The “Anritsu Disclosure Policy” and the status of the internal structure for timely disclosure of the corporate information are as follows:
The Company’s Disclosure Policy declares to “disclose accurate information to every stakeholder with good faith fairly and positively according to the related laws or ordinances, irrespective of its content and whether circumstances surrounding the disclosure is favorable or not.” Under the Policy, we are working to disclose corporate information in a fair, timely, and appropriate manner to the public, the shareholders, investors, and other related persons according to the following action plan:
- Disclose accurate information
- explicitly in an understandable way,
- and transmit it proactively, timely, and promptly,
- to be disseminated widely and impartially.
- Ensure the careful management of information and seek to prevent insider trading.
Internal structure for timely disclosure
To realize the Disclosure Policy, the Company has stipulated internal rules (“Rules on Disclosure of Corporate Information” and “Rules for Prevention of Insider Trade”), based on which we handle every corporate information to pursue the enhancement of its transparency and credibility as an enterprise.

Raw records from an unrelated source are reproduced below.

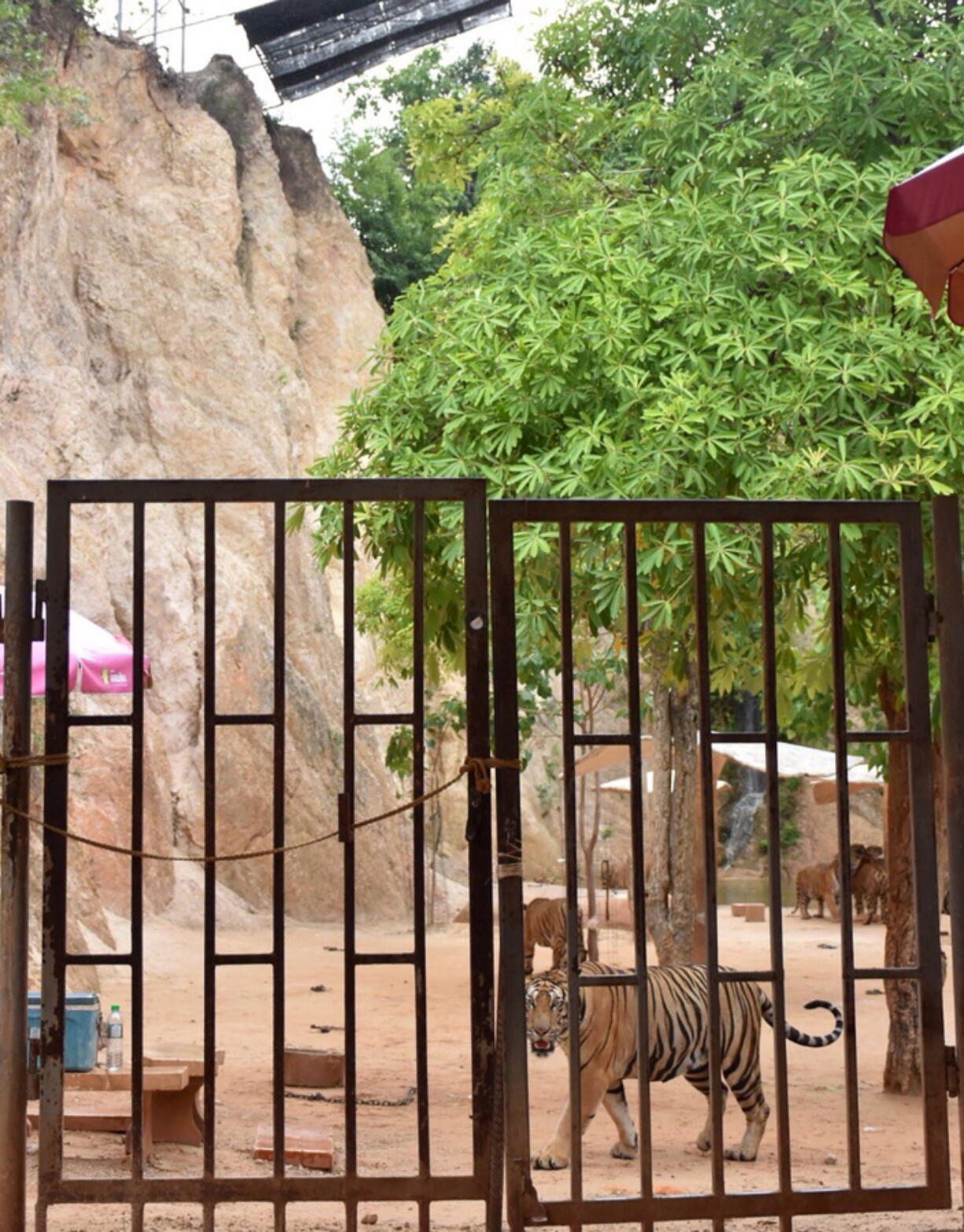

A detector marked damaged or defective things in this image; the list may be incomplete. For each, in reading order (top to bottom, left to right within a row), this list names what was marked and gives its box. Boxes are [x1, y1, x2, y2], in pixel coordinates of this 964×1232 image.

rusty gate bar [0, 498, 34, 1232]
rusty gate bar [34, 470, 495, 1222]
rusty gate bar [495, 495, 956, 1226]
rusty gate bar [764, 522, 793, 1232]
rusty gate bar [828, 522, 863, 1182]
rusty gate bar [902, 507, 956, 1192]
rusty gate bar [932, 492, 964, 1222]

- Gathering and management of information
Once corporate information that may require a timely disclosure is generated, the head of a department in charge of such information shall confirm and report its content to a responsible person for information handling, the position of which is assumed by a Vice President supervising financial affairs (“Information Handling Officer”). The Information Handling Officer controls over matters relating to the management and disclosure of corporate information.

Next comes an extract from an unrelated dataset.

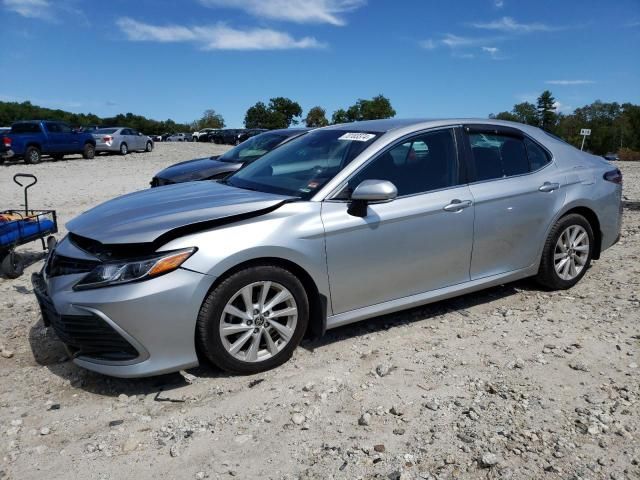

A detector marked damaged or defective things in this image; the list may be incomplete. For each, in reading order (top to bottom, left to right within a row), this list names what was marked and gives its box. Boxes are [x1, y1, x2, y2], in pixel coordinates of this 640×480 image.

- Determination of significance of information
For the corporate information gathered at the Information Handling Officer, the Disclosure Policy Committee chaired by the Information Handling Officer shall evaluate and determine whether it requires disclosure or not. When it is determined to disclose, the Committee shall discuss what content, when, and how to disclose the information and other necessary matters.
- Public announcement
The Company shall promptly disclose any material fact upon the resolution by the Management Strategy Conference and the Board of Directors. In principle, Representative Director(s), Vice President in charge, and respective department managers of IR, legal, and accounting departments (collectively “Information Disclosure Officers.”) assume the role of disclosing information. They shall submit a report to the Stock Exchanges and carry out disclosure procedures for news media in cooperation with the Information Handling Officer. If any selective disclosure is made carelessly or for a similar reason, the Company shall promptly prepare, and issue disclosure materials based on the Disclosure Policy Committee's deliberation and approval.
- Monitoring structure
Directors on Audit & Supervisory Committee conduct audits on whether the Company’s timely disclosure system is properly working or not in various ways. Specifically, they attend the board’s meetings, the Management Strategy Conference, and other significant meetings; access material documents, such as minutes of the Information Disclosure Committee meetings; promptly report on material matters; and implement information disclosure audits.

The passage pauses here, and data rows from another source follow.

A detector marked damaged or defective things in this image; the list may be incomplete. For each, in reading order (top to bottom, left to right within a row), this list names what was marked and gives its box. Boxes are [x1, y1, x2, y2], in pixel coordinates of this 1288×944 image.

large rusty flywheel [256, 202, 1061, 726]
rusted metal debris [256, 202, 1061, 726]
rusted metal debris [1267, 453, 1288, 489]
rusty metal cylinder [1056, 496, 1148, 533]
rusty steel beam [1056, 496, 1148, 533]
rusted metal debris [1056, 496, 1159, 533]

Besides, the Internal Control Committee plays as a center of the establishment, operation, and improvement of the internal control system. And the Global Audit Dept. verifies the internal control system's appropriateness and effectiveness as an
independent internal audit department.
- Training and education
To ensure the fair, timely, and appropriate disclosure of information on a Group-wide basis and prevent any insider trading, the Company offers training and education for its employees to fully understand the related laws or ordinances and internal rules and regulations. It also instructs subsidiaries to establish their information management structure and disclosure procedures, respectively.